The Company has also completed its previously announced review of legacy Lump-Sum Turnkey ("LSTK") litigation matters, which was expanded to include all other significant claims, while concurrently reassessing the costs associated with its three remaining Canadian light rail projects in light of COVID-19. The actions that the Company is taking today resulting from these reviews, together with the sale of the Oil & Gas business, reduce the remaining financial uncertainty associated with SNC-Lavalin's legacy businesses, while allowing the Company to further focus on its strategy of realizing the value and growth potential of Engineering Services business.

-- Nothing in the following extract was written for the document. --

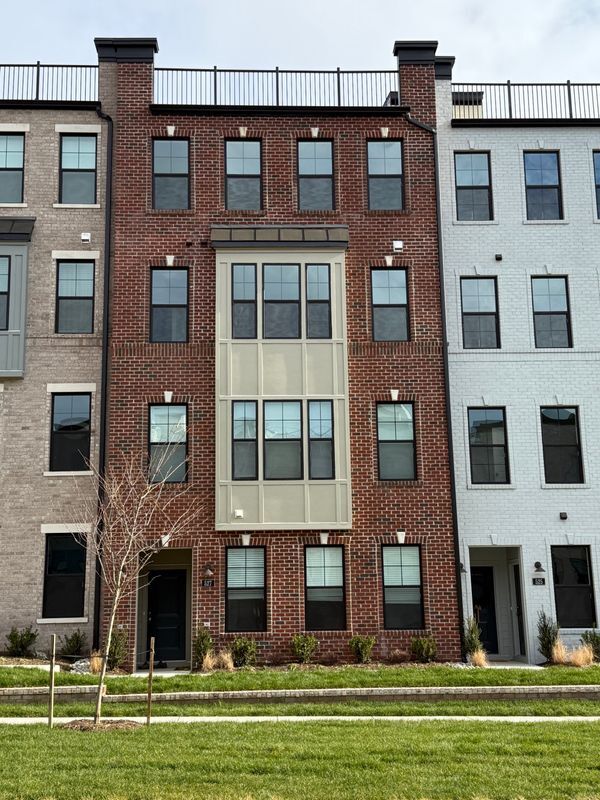 Foto del edificio - 527 Munson Woods Walk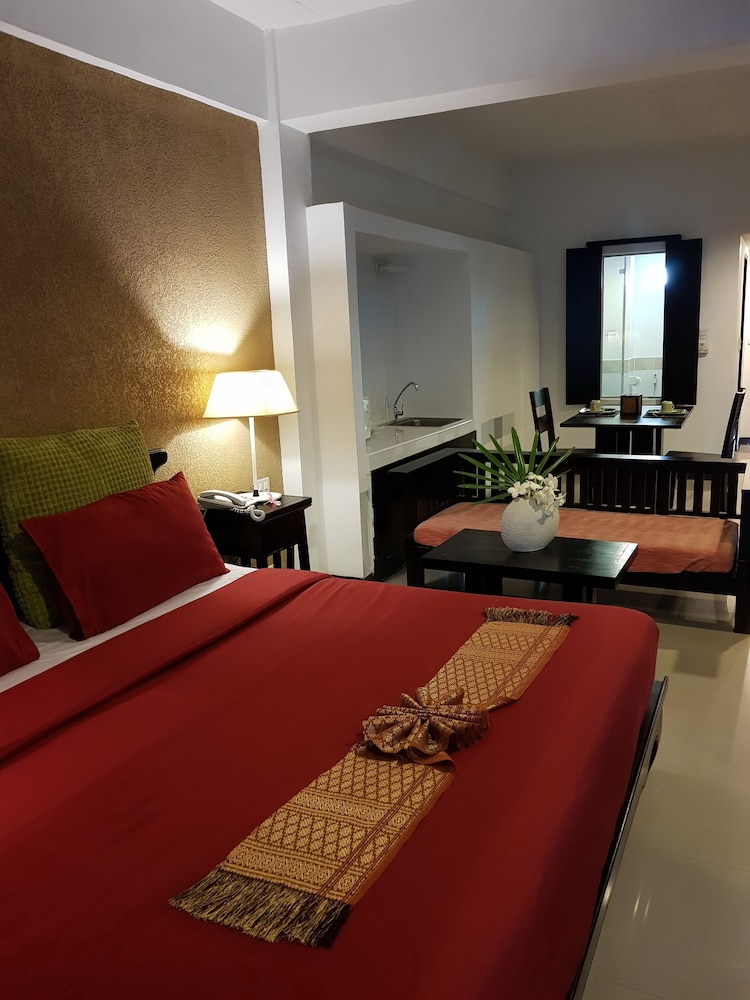 Siam Piman Hotel 31/72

- Strategic divestiture of the Resources Oil & Gas business. The Company has entered into a binding agreement to sell its Oil & Gas business, including Services and LSTK, de-risking operations and reducing LSTK delivery and warranty obligations, and accelerating the realization of SNC-Lavalin's strategy. Closing is targeted for Q2 2021, at which time the transaction is expected to generate a gain on sale, as the elimination of foreign exchange cumulative translation adjustments ("CTA") should be greater than the fair value write down taken in Q4 as an "Asset Held for Sale". The net cash impact for the transaction is expected to be minimal.
- A charge of $95 million on the retained Resources business, related to historical legacy positions and one remaining LSTK mining project, will be taken in Q4 2020.
- Review of legacy LSTK litigation matters and commercial claims completed. To ensure a holistic review of legacy risks, taking into account new and updated information, the previously announced risk review was expanded to include all significant litigation matters and commercial claims receivable, resulting in $140 million of provisions and $155 million of commercial claims receivable reduction in Q4 2020, which are largely non-cash in nature. The Company will continue to aggressively pursue all claims receivable, which it believes it is entitled to contractually and will vigorously defend the litigation matters.
- Remaining Canadian LSTK infrastructure projects continue to progress well, costs to complete reassessed in light of COVID-19. Projects continue to be affected by unprecedented COVID-19 challenges, the primary driver in $90 million of charges to be taken in Q4 2020, largely reflecting the decision to delay recognition of any COVID-19 related revenue.
- Previously announced financial outlook for SNCL Engineering Services reconfirmed.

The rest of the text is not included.